Given entries
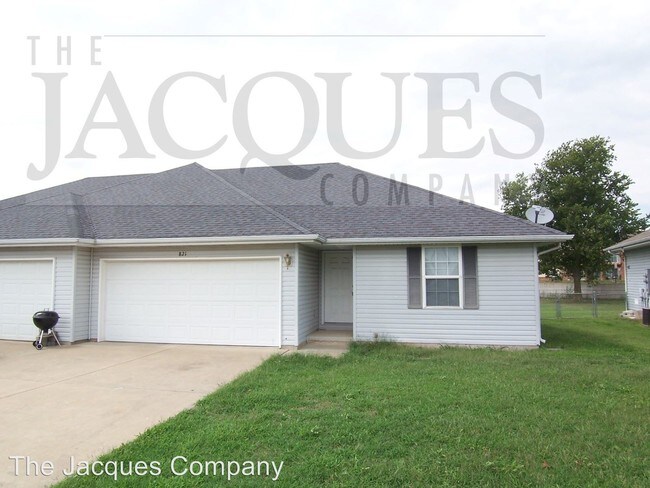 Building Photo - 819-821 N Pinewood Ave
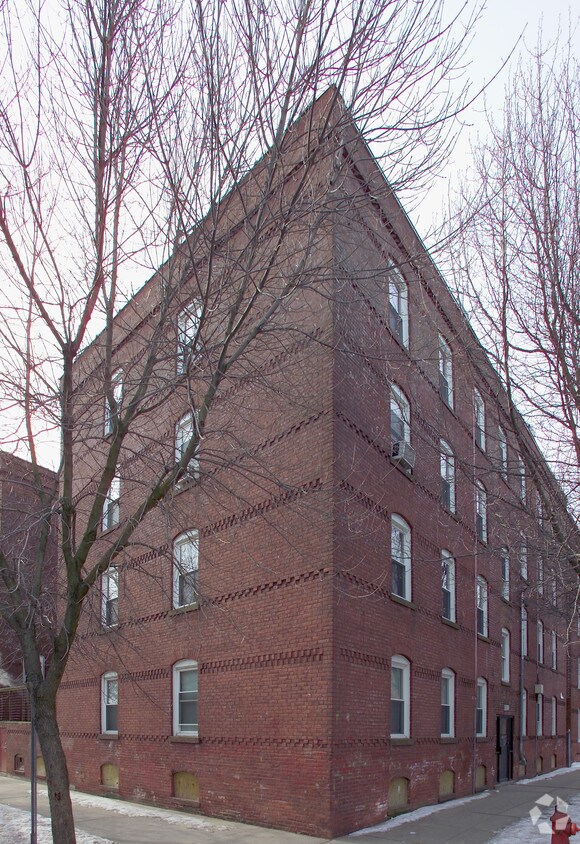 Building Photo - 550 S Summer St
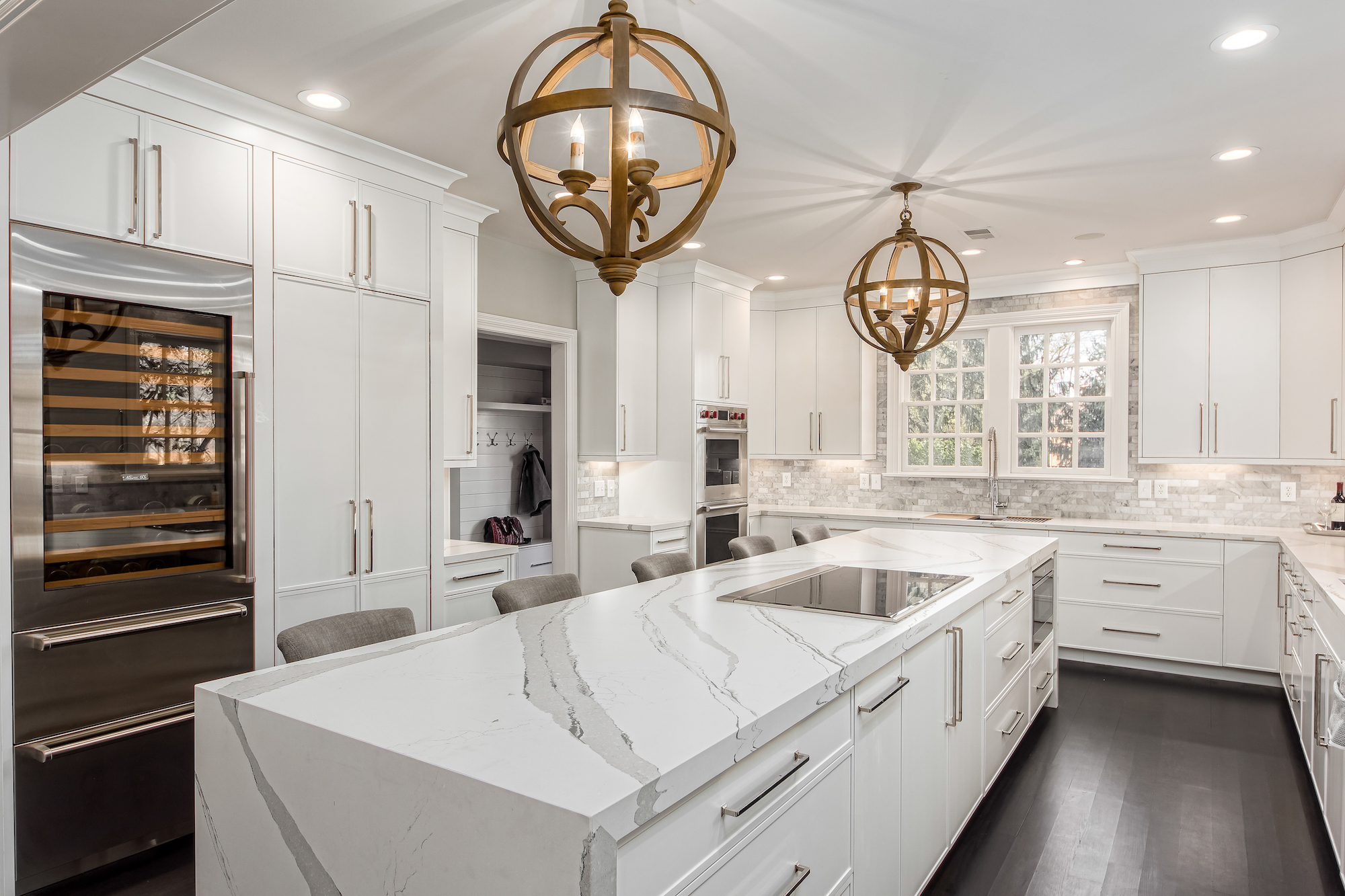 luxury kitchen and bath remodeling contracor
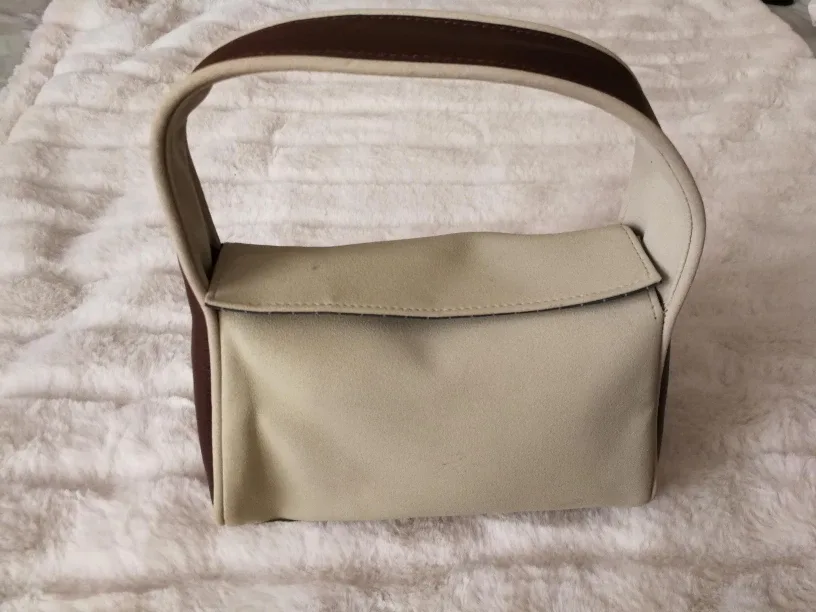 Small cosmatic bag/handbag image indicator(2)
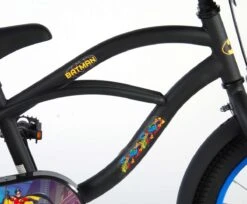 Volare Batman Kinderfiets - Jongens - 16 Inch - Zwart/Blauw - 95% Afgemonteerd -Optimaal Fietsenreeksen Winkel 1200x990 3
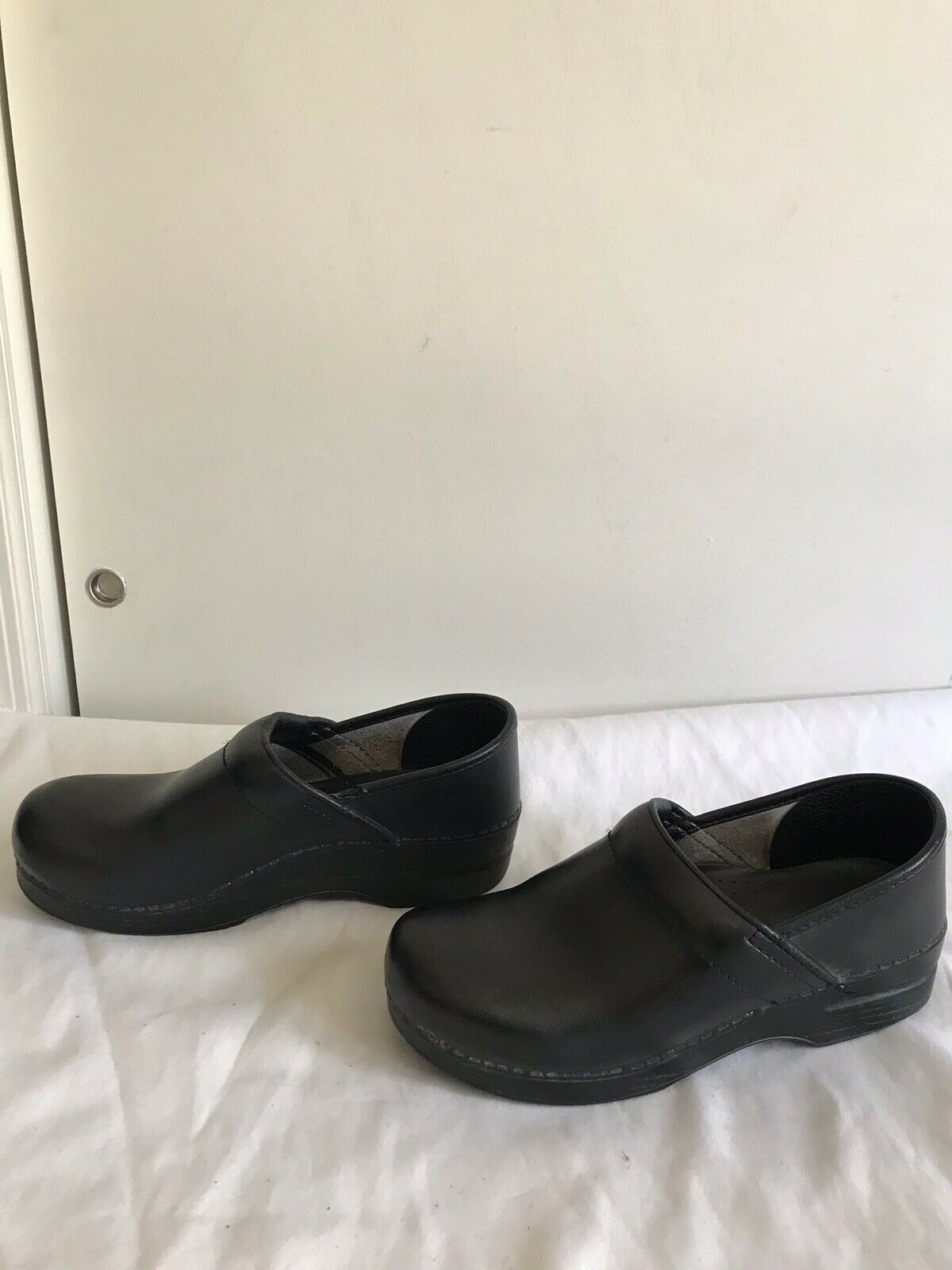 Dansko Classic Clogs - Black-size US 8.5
==
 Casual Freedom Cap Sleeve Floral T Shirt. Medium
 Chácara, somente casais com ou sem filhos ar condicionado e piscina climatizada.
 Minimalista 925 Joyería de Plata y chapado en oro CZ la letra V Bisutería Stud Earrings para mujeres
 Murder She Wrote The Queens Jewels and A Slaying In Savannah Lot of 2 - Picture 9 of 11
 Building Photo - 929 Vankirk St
---
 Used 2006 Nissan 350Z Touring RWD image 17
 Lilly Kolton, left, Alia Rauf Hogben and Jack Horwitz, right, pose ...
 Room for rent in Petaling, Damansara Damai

Work request
Output exactly the lines of the material above from the one containing "Minimalista 925 Joyería" up to and including the one containing "Building Photo - 929 Vankirk St".

Solution to this exercise
 Minimalista 925 Joyería de Plata y chapado en oro CZ la letra V Bisutería Stud Earrings para mujeres
 Murder She Wrote The Queens Jewels and A Slaying In Savannah Lot of 2 - Picture 9 of 11
 Building Photo - 929 Vankirk St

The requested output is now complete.